El País: Por que se gasta mais em armamentos, se não há conflitos bélicos?

Javier Ponce:
A inexistência de conflitos bélicos não significa que os países não devam fortalecer sua capacidade de defesa.

El País: Quais são as principais ameaças na América do Sul?

Ponce:
Não se deve perder de vista o interesse de controle regional que os EUA têm. A intenção de utilizar bases militares colombianas que superam as necessidades reais do conflito interno colombiano se deve a pretensões de controle regional.

El País: Que consequências trará o uso das bases?

Ponce:
Como disse a presidente argentina [Cristina Fernández Kirchner], essa presença cria inquietação, desassossego. Pode gerar uma corrida armamentista, porque há países que poderão ser afetados. Não se pode entender a presença se não for por uma vigilância e um controle regionais. É necessário que a Unasul exija um sistema de vigilância, de controle, de monitoração da ação dessas bases, e, por outro lado, que a Colômbia renuncie à tese da extraterritorialidade. São duas condições básicas para aceitar a presença.

El País: Em que países poderia haver uma corrida armamentista?

Ponce:
Estou pensando na Venezuela, que seria diretamente afetada pela presença norte-americana na base de Palanquero.

El País: As bases podem servir como desculpa ou justificativa para o Brasil e a Venezuela aumentarem seus gastos militares?

Ponce:
Não é nem desculpa nem justificativa, é um fato real.

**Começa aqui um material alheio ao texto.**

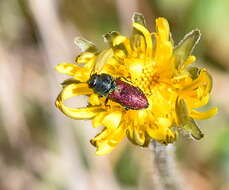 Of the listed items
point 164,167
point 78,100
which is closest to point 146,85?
point 164,167

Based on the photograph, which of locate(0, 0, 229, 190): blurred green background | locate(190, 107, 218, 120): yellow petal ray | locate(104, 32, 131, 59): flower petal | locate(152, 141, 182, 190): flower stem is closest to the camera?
locate(190, 107, 218, 120): yellow petal ray

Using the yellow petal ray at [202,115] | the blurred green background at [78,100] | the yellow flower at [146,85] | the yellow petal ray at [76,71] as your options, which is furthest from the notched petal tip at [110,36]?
the blurred green background at [78,100]

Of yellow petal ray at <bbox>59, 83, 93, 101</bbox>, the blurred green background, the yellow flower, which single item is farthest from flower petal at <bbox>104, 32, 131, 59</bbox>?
the blurred green background

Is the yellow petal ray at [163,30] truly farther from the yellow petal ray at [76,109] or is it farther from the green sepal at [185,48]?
the yellow petal ray at [76,109]

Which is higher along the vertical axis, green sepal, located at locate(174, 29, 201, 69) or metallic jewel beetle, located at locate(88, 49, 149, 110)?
green sepal, located at locate(174, 29, 201, 69)

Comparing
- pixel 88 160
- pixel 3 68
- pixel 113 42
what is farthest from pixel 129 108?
pixel 3 68

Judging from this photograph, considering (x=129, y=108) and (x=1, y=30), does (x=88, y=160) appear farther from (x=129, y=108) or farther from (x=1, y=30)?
(x=129, y=108)

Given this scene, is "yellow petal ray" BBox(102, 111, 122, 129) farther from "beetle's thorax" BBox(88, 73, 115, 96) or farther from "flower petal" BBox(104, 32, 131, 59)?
"flower petal" BBox(104, 32, 131, 59) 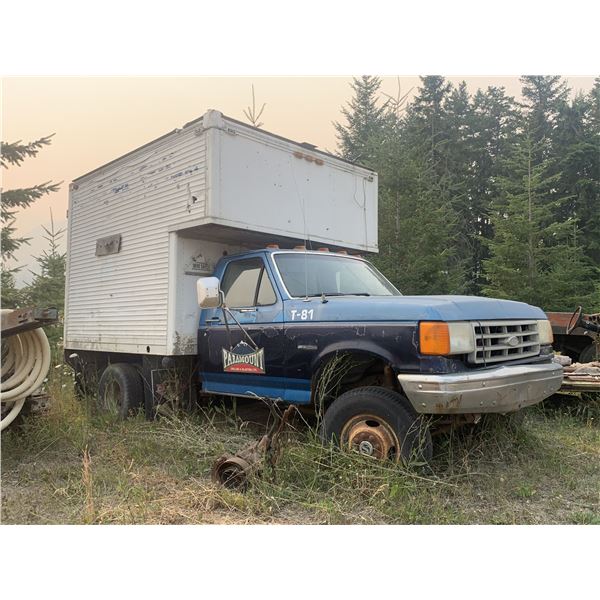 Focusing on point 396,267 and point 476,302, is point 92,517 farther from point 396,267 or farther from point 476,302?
point 396,267

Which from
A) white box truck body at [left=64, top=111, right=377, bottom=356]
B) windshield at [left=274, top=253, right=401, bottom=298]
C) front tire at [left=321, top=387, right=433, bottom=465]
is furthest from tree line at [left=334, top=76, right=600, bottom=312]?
front tire at [left=321, top=387, right=433, bottom=465]

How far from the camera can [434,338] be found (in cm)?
366

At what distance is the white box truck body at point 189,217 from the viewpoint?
17.4ft

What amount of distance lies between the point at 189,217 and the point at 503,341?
3164 mm

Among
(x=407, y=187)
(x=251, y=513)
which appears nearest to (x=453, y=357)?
(x=251, y=513)

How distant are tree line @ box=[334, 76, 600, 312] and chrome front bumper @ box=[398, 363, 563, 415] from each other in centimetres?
408

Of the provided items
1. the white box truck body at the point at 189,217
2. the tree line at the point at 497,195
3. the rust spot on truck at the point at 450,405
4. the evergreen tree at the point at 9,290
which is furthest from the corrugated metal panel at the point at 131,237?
the rust spot on truck at the point at 450,405

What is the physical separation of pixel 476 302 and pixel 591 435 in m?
2.58

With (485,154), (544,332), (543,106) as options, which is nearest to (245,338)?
(544,332)

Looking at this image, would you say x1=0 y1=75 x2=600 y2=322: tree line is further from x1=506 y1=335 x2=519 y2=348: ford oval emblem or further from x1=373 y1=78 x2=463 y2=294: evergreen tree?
x1=506 y1=335 x2=519 y2=348: ford oval emblem

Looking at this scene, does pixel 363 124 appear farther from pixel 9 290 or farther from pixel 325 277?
pixel 9 290

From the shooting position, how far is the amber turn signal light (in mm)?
3639

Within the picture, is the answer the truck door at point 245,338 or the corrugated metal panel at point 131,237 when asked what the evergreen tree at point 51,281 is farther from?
the truck door at point 245,338

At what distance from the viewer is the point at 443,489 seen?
3.71 m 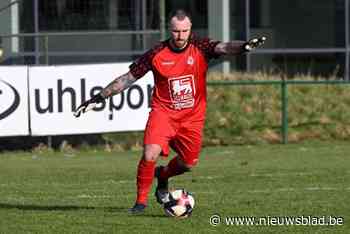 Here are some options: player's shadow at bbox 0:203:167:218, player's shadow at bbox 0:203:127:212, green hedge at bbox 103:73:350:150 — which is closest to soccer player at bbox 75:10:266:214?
player's shadow at bbox 0:203:167:218

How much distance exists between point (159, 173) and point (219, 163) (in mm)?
6088

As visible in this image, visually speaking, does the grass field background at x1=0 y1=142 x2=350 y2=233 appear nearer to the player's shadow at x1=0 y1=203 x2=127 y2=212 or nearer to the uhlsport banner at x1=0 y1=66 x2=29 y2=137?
the player's shadow at x1=0 y1=203 x2=127 y2=212

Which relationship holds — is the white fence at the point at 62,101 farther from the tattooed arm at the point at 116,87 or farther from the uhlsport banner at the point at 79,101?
the tattooed arm at the point at 116,87

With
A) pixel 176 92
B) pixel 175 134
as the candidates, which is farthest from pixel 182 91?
pixel 175 134

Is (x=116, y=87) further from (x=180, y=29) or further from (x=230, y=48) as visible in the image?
(x=230, y=48)

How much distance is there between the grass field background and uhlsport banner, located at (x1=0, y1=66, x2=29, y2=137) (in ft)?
1.60

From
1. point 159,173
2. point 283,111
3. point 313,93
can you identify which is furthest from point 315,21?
point 159,173

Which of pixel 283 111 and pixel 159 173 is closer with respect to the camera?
pixel 159 173

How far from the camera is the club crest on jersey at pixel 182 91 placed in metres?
11.3

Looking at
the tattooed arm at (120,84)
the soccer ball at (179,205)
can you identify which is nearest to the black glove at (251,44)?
the tattooed arm at (120,84)

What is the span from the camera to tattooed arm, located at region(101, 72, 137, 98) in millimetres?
11586

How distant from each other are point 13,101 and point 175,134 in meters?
8.80

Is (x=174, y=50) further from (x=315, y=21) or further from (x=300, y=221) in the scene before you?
(x=315, y=21)

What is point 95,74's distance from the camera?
2023 cm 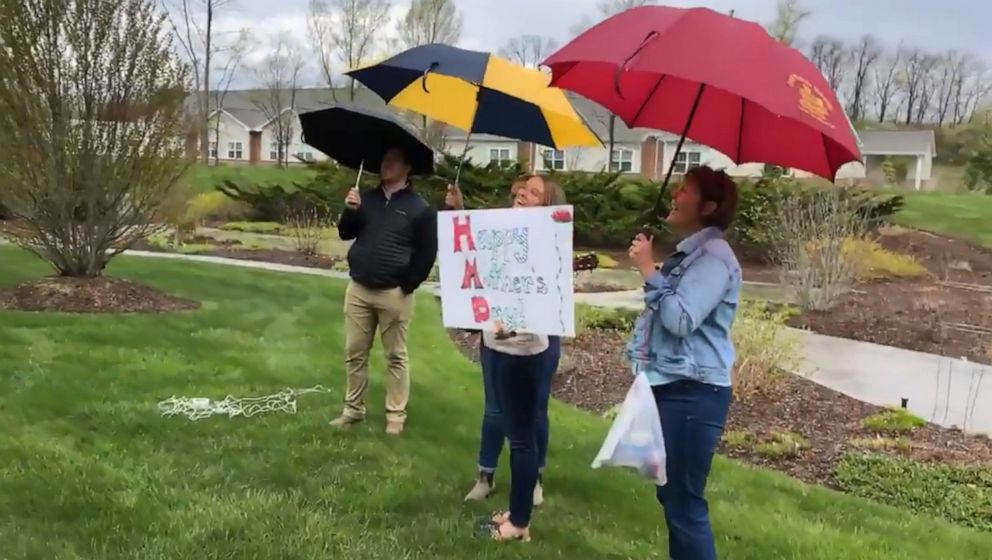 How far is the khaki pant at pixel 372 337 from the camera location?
5.21 metres

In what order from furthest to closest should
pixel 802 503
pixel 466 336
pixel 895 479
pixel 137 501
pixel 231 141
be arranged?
pixel 231 141
pixel 466 336
pixel 895 479
pixel 802 503
pixel 137 501

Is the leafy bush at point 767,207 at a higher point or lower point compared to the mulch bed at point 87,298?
higher

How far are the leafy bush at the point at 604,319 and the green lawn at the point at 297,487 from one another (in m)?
3.54

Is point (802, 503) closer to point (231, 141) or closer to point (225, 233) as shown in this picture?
point (225, 233)

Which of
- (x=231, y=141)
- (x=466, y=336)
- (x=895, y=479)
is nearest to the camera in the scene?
(x=895, y=479)

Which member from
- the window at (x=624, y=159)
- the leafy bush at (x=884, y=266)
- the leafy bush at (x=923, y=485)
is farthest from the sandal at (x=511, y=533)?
the window at (x=624, y=159)

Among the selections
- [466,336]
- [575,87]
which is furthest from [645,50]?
[466,336]

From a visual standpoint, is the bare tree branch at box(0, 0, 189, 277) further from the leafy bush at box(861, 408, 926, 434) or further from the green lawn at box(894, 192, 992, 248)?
the green lawn at box(894, 192, 992, 248)

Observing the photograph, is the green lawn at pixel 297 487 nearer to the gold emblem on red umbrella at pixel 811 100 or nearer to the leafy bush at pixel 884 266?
the gold emblem on red umbrella at pixel 811 100

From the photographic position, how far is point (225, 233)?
2145 centimetres

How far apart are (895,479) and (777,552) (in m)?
1.82

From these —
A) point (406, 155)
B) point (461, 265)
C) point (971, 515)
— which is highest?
point (406, 155)

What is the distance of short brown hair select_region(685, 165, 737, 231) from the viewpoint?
10.1 ft

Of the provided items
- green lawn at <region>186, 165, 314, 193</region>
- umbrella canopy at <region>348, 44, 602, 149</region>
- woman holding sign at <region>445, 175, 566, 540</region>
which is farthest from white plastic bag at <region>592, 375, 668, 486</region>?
green lawn at <region>186, 165, 314, 193</region> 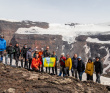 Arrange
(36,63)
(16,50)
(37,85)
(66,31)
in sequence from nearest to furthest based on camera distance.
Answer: (37,85) < (36,63) < (16,50) < (66,31)

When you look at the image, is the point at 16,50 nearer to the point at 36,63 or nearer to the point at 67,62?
the point at 36,63

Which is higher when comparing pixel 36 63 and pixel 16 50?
pixel 16 50

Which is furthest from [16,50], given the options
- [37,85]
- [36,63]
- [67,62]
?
[37,85]

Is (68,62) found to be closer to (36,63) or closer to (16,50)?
(36,63)

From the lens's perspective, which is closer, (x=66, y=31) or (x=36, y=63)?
(x=36, y=63)

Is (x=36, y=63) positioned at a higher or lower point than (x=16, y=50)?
lower

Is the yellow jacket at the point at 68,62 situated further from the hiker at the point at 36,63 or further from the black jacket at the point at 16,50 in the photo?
the black jacket at the point at 16,50

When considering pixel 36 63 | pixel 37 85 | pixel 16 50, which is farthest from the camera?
pixel 16 50

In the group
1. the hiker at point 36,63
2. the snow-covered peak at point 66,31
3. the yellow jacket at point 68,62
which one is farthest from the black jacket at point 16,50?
the snow-covered peak at point 66,31

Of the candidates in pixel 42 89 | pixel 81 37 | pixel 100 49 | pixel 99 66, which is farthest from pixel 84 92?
pixel 81 37

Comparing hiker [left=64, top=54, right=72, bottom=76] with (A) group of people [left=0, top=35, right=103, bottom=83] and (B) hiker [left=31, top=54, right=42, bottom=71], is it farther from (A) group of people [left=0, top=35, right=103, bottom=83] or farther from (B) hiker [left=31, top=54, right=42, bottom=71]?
(B) hiker [left=31, top=54, right=42, bottom=71]

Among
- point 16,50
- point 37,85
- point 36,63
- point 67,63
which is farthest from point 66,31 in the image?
point 37,85

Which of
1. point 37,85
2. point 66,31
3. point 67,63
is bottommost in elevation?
point 37,85

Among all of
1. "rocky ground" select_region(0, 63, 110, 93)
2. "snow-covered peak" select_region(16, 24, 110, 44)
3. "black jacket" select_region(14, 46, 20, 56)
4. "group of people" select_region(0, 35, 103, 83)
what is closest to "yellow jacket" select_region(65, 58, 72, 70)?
"group of people" select_region(0, 35, 103, 83)
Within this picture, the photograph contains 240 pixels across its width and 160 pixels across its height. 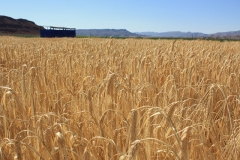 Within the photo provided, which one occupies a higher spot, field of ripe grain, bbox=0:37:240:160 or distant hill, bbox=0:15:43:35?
distant hill, bbox=0:15:43:35

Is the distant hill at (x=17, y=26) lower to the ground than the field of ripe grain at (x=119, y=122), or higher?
higher

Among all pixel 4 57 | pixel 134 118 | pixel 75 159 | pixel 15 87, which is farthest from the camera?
pixel 4 57

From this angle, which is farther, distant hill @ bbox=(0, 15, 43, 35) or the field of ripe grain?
distant hill @ bbox=(0, 15, 43, 35)

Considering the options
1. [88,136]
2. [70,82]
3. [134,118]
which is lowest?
[88,136]

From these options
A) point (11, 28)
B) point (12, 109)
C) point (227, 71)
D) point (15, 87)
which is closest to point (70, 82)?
point (15, 87)

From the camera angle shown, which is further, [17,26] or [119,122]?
[17,26]

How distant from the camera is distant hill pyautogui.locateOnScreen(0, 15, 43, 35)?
4125 centimetres

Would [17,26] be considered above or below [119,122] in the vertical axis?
above

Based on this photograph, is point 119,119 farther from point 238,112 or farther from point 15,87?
point 15,87

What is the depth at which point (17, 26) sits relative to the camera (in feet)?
144

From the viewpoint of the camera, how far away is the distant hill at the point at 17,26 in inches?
1624

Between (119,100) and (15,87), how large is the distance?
0.79m

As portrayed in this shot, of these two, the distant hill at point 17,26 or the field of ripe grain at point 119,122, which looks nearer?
the field of ripe grain at point 119,122

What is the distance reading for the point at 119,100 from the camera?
1241mm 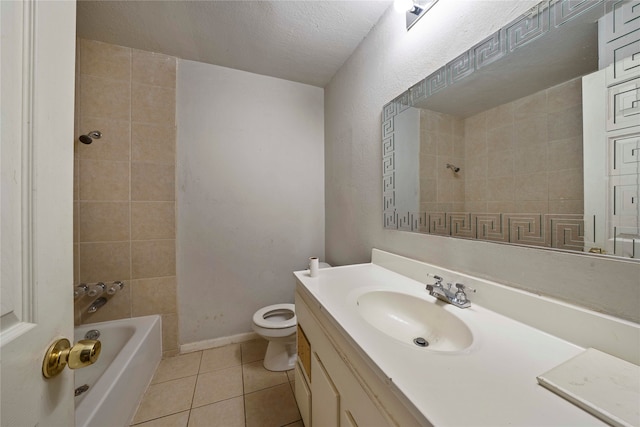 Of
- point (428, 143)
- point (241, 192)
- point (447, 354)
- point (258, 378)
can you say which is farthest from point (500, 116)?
point (258, 378)

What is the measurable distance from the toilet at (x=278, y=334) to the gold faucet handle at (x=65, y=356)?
104 cm

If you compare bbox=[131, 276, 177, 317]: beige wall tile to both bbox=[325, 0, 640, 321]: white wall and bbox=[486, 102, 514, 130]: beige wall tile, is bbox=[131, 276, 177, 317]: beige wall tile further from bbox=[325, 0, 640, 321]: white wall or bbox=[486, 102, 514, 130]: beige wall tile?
bbox=[486, 102, 514, 130]: beige wall tile

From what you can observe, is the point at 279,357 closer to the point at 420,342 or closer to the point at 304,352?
the point at 304,352

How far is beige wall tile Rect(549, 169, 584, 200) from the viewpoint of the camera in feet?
1.99

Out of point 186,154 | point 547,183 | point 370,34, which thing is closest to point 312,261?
point 547,183

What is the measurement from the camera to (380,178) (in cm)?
135

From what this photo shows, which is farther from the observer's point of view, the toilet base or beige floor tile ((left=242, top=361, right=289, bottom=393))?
the toilet base

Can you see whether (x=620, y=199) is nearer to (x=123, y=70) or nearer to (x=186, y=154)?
(x=186, y=154)

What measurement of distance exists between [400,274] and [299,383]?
75 centimetres

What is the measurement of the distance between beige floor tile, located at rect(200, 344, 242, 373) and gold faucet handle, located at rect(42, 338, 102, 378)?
1.42 m

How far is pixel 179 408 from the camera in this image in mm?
1247

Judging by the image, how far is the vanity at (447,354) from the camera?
39cm

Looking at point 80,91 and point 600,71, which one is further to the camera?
point 80,91

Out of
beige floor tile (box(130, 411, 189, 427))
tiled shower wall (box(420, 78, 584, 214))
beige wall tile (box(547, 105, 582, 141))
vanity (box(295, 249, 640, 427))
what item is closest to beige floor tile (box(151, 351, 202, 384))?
beige floor tile (box(130, 411, 189, 427))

El País: O presidente colombiano condicionou sua participação no encontro da Unasul a que, além das bases, se falasse do tráfico ilegal de armas, da corrida armamentista e do terrorismo e do narcotráfico. Aceitam essas condições?

Ponce:
O Equador está de acordo em tratar dos problemas reivindicados pela Colômbia. Parece-nos fundamental falar da relação com as forças ilegais, concretamente com as Farc (Forças Armadas Revolucionárias da Colômbia), do problema do tráfico de armas e do narcotráfico. Se quisermos uma região de paz é preciso ter transparência e compartilhar informação.